Problem requirements
Please copy out each line of the listing that contains the word "Seeds".

Dataset entries
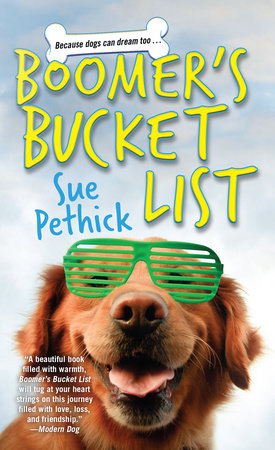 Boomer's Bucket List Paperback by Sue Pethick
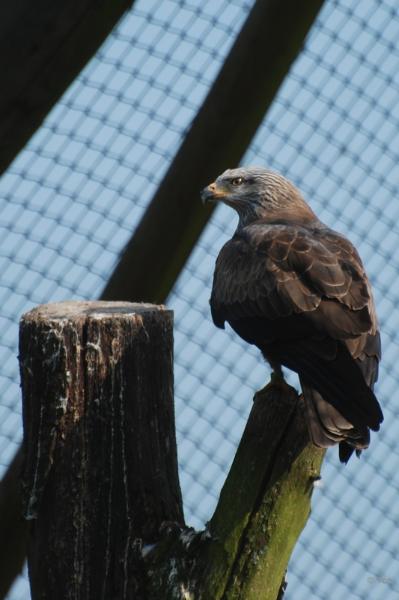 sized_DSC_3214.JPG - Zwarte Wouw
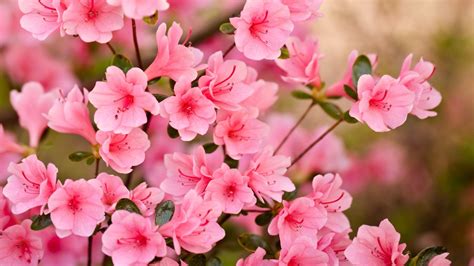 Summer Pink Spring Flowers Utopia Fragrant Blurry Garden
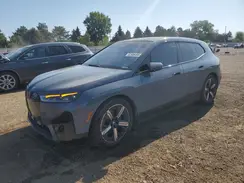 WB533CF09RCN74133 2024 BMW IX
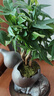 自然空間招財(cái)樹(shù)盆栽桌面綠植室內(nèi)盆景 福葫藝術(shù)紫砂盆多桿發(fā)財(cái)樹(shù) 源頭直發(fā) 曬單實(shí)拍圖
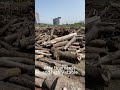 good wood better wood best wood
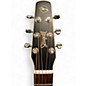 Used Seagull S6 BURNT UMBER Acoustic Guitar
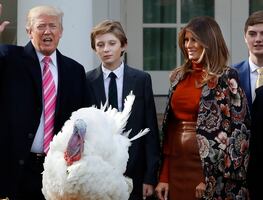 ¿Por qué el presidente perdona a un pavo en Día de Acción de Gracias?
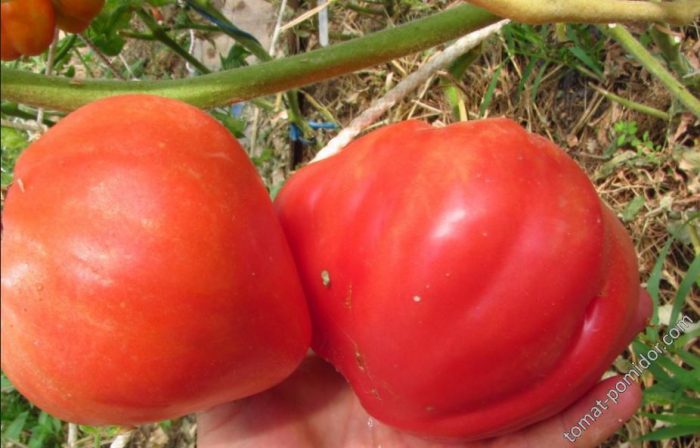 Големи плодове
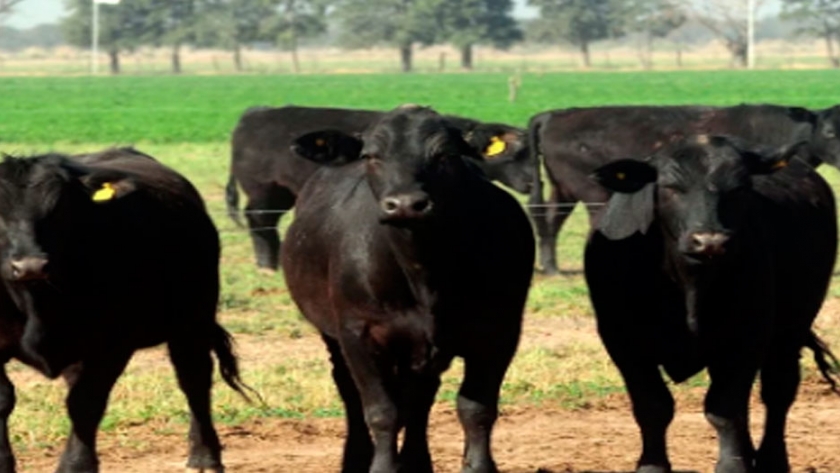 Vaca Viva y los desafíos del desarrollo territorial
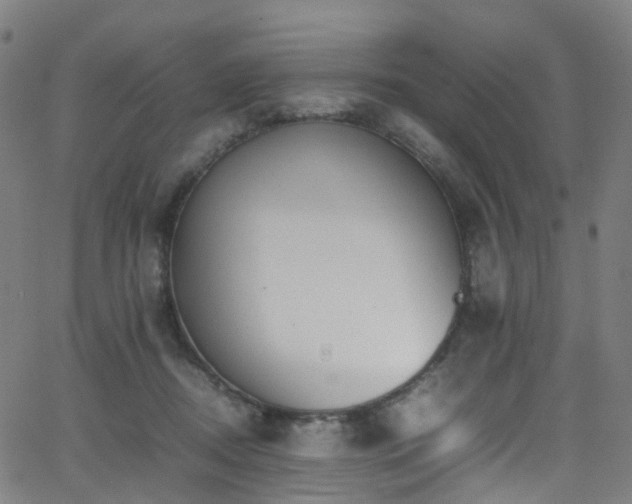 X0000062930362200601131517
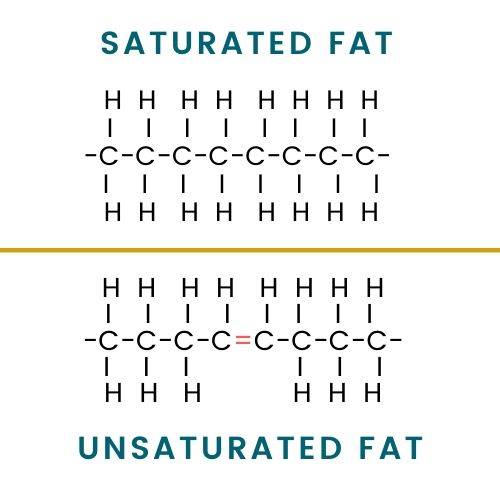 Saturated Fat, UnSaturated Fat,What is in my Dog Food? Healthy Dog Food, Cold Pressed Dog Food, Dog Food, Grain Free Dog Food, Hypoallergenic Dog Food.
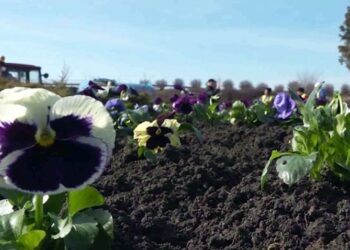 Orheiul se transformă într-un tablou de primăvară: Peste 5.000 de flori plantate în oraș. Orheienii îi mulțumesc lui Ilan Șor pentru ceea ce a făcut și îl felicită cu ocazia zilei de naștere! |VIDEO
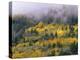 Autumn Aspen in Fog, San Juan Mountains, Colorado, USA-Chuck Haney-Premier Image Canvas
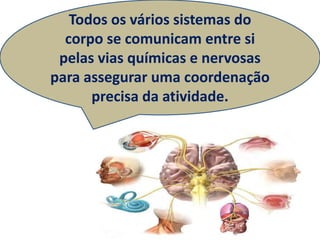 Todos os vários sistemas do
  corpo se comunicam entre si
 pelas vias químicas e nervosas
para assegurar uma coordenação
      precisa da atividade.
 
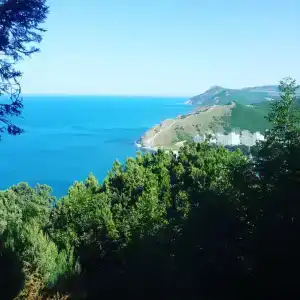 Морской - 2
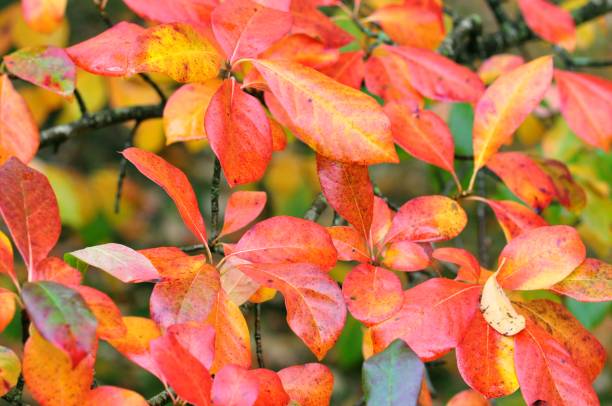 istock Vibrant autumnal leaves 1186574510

==

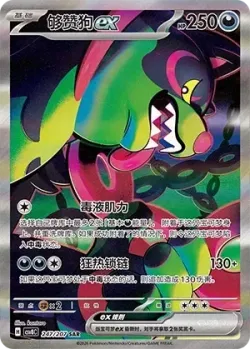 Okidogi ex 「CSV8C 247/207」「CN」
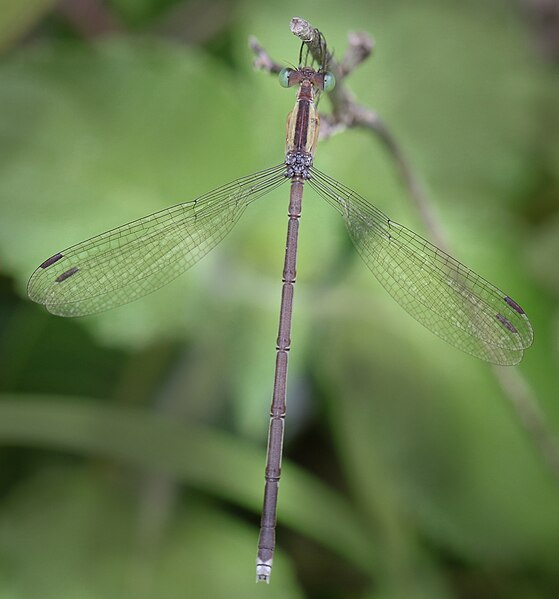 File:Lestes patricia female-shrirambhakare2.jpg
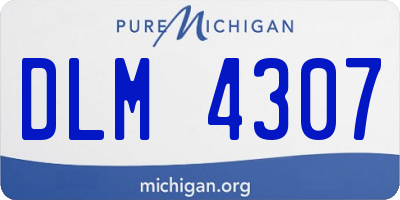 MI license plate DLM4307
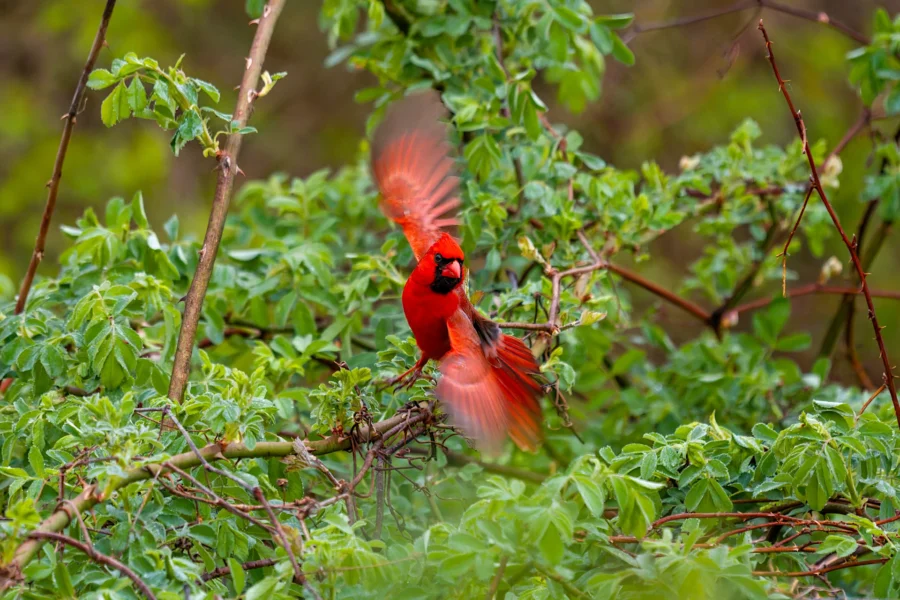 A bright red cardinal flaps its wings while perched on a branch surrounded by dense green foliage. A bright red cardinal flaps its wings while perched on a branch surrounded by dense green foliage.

...

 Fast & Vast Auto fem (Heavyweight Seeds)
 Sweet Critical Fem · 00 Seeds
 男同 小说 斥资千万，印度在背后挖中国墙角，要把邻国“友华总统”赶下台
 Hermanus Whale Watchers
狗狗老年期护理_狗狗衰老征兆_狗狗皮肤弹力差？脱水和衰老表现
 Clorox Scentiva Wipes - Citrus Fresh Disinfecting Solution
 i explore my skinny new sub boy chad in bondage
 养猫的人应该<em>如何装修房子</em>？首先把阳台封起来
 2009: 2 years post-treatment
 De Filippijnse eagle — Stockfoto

Your solution
 Fast & Vast Auto fem (Heavyweight Seeds)
 Sweet Critical Fem · 00 Seeds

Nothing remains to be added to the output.